Attention conservation notice: 1500 word pedagogical-statistical rant, with sarcasm, mathematical symbols, computer code, and a morally dubious affectation of detachment from the human suffering behind the numbers. Plus the pictures are boring.
Does anyone know when the correlation coefficient is useful, as opposed to when it is used? If so, why not tell us?
— Tukey (1954: 721)
If you have taken any sort of statistics class at all, you have probably been exposed to the idea of the "proportion of variance explained" by a regression, conventionally written \( R^2 \). This has two definitions, which happen to coincide for linear models fit by least squares. The first is to take the correlation between the model's predictions and the actual values (\( R \)) and square it (\( R^2 \)), getting a number which is guaranteed to be between 0 and 1. You get 1 only when the predictions are perfectly correlated with reality, and 0 when there is no linear relationship between them. The other definition is the ratio of the variance of the predictions to the variance of the actual values. It is this latter which leads to the notion that \( R^2 \) is the proportion of variance explained by the model.

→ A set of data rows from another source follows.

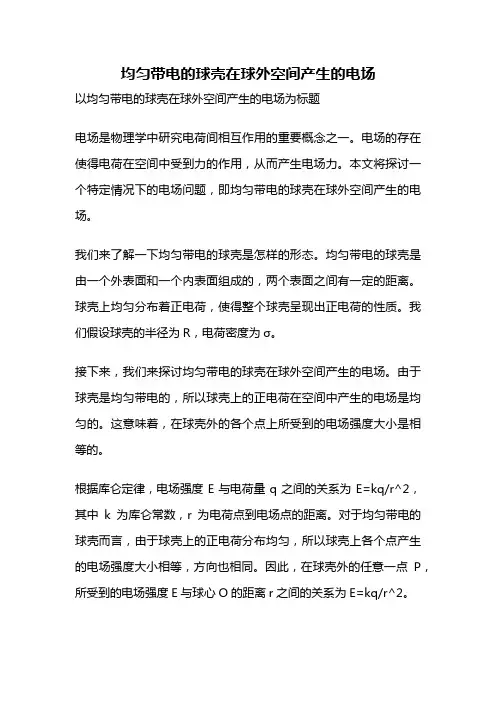 均匀带电的球壳在球外空间产生的电场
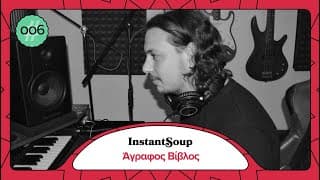 Άγραφος Βίβλος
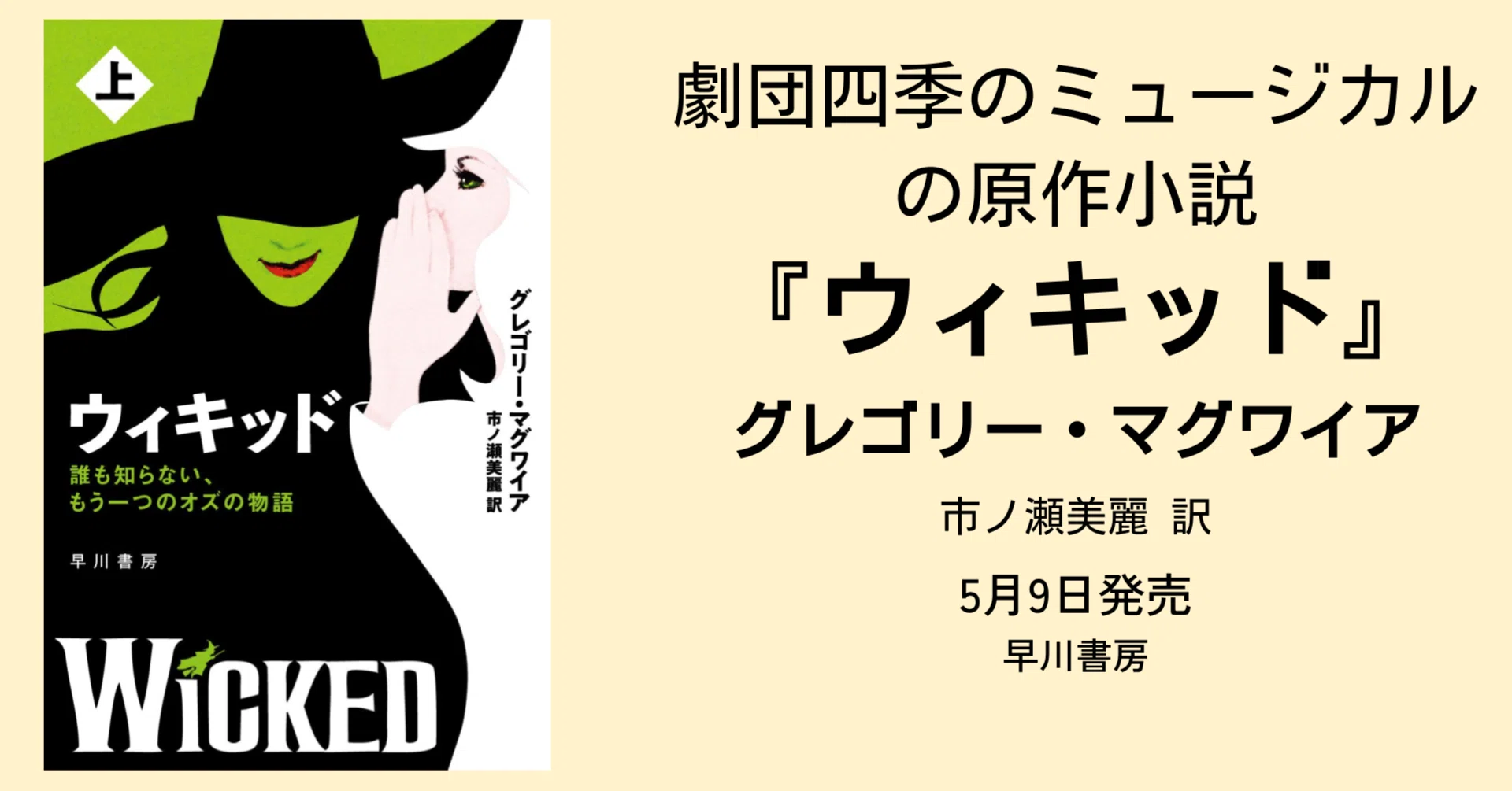 劇団四季による大人気ミュージカル『ウィキッド』の原作小説、好評発売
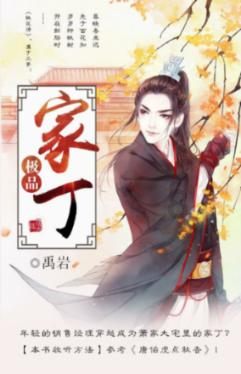 苗条女孩怎么修饰身材？V领背心搭配牛仔裤，穿出独特的运动风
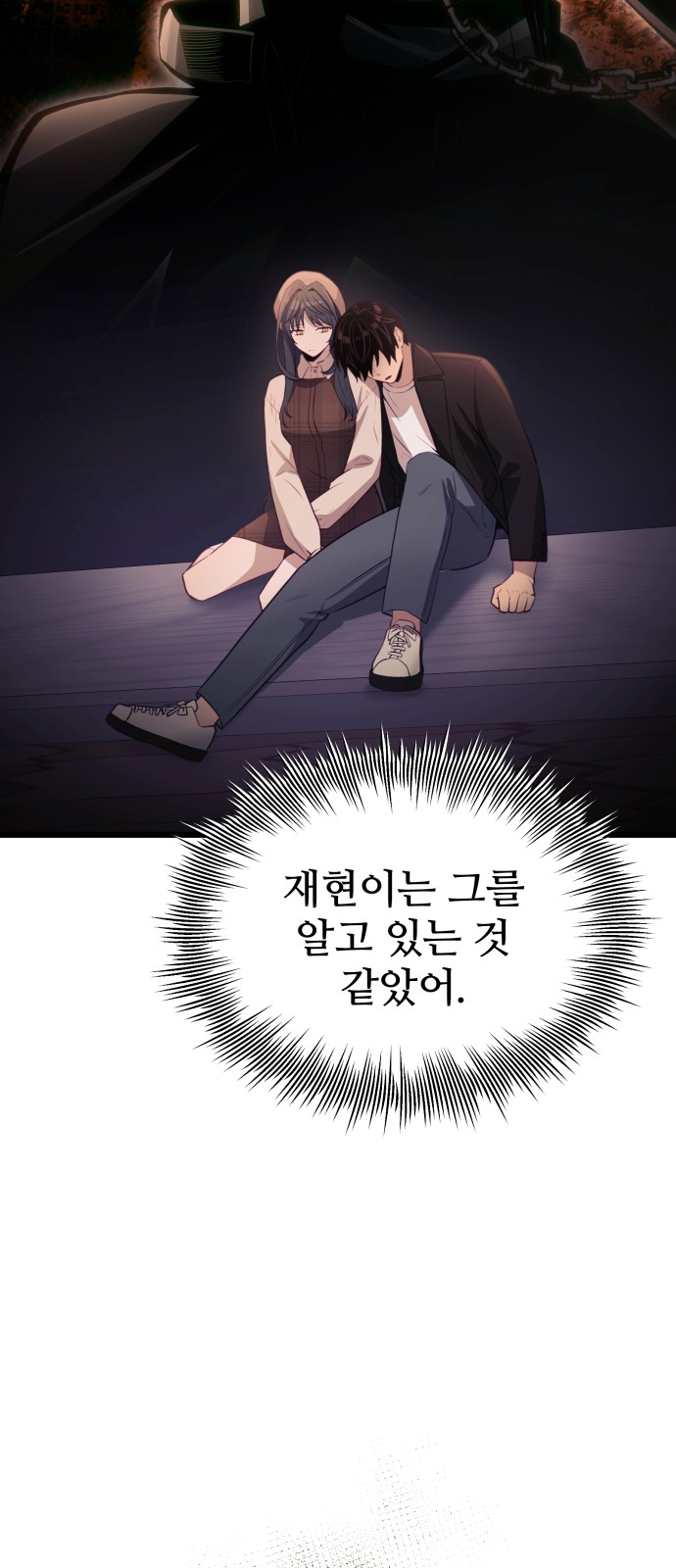 51 페이지
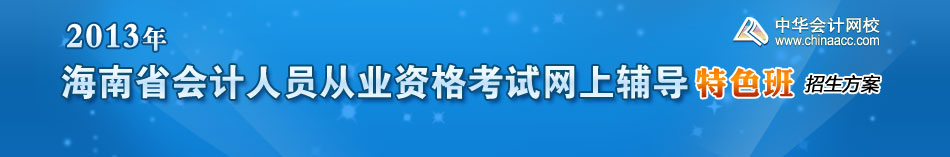 ����ʡ�����Ա��ҵ�ʸ���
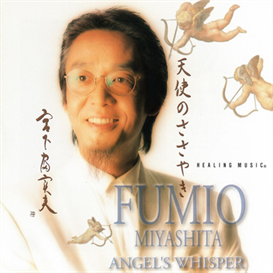 Fumio Miyashita Angels Whisper 320kbps MP3 album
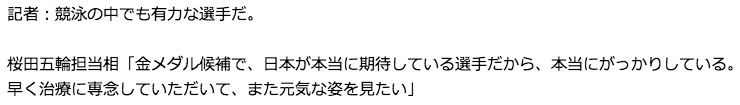 画像：桜田五輪相の発言２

The use of the word "explained" here is quite unsupported and often actively misleading. Let me go over some examples to indicate why.
Start by supposing that a linear model is true: \[ Y = a + bX + \epsilon \] where the noise \( \epsilon \) has constant variance \( s \), and is uncorrelated with \( X \). Suppose that we know this is the model to use, and suppose further that, as a reward for our scrupulous peer-review of anonymous manuscripts, the Good Fairy of Statistical Modeling tells us the correct values of the parameters \( a \) and \( b \). Surely, with the right parameters in the right model, our \( R^2 \) must be very high?
Well, no. The answer depends on the variance of \( X \), which it will be convenient to call \( v \). The variance of the predictions is \( b^2 v \), but the variance of \( Y \) is larger, \( b^2 v + s\). The ratio is \[ R^2 = \frac{b^2 v}{b^2v + s} \] (You can check that this is also the squared correlation between the predictions and \( Y \).) As \( v \) shrinks, this tends to \( 0/s = 0 \). As \( v \) grows, this ratio tends to 1. The relationship between \( X \) and \( Y \) doesn't change, the accuracy and precision with which \( Y \) can be predicted from \( X \) does not change, but \( R^2 \) can wander all through its range, just depending on how dispersed \( X \) is.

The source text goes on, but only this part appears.